If engineers knew what RPA was, they'd probably scratch their head at the idea.
RPA stands for Robotic Process Automation, which already seems to be a misnomer because there's not an actual "robot" anywhere. It's about using traditionally human inputs (mouse, keyboard, GUI) in an automated way to accomplish a task. Things like screen scraping, mouse movements, or sending keystrokes into a form count as RPA. The method fills a gap in legacy applications that don't offer APIs, allowing those applications to connect to other applications.
Over time, the market will choose companies that offer proper APIs over RPA. One is simply a 10x improvement - engineers will always choose an API over an RPA solution.
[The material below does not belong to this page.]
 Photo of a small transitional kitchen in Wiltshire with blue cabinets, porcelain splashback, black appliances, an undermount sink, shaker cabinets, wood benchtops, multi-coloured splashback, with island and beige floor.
APIs are orders of magnitude faster. APIs are more reliable because they work on structured input. APIs can be authenticated, authorized, metered with low overhead.
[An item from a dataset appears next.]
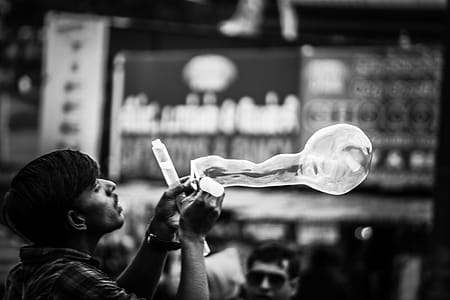Man Playing Bubbles Grayscale Photo thumbnail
Two big trends are disrupting RPA. First, the shift to SaaS breaks RPA. With SaaS, the user doesn't control updates, and that means layout updates that break RPA workflows. Buttons change position, text boxes change labels, and RPA can't figure simple changes like that out. Second, the shift from desktop applications to web applications makes RPA fragile. In an ironic twist, the best "RPA" is simply tapping into operating-system-specific APIs, like the Windows Win32 API. Browsers like Chrome don't have an equivalent (and never will, can you think of how much of a security issue that would be?).
That doesn't mean there's significant business value in the problems that RPA is solving. Look at Plaid's (screen scraping for financial data) latest funding round at a $13 billion valuation, or UiPath's (desktop RPA) market cap at $40 billion. But most businesses look great before they get disrupted.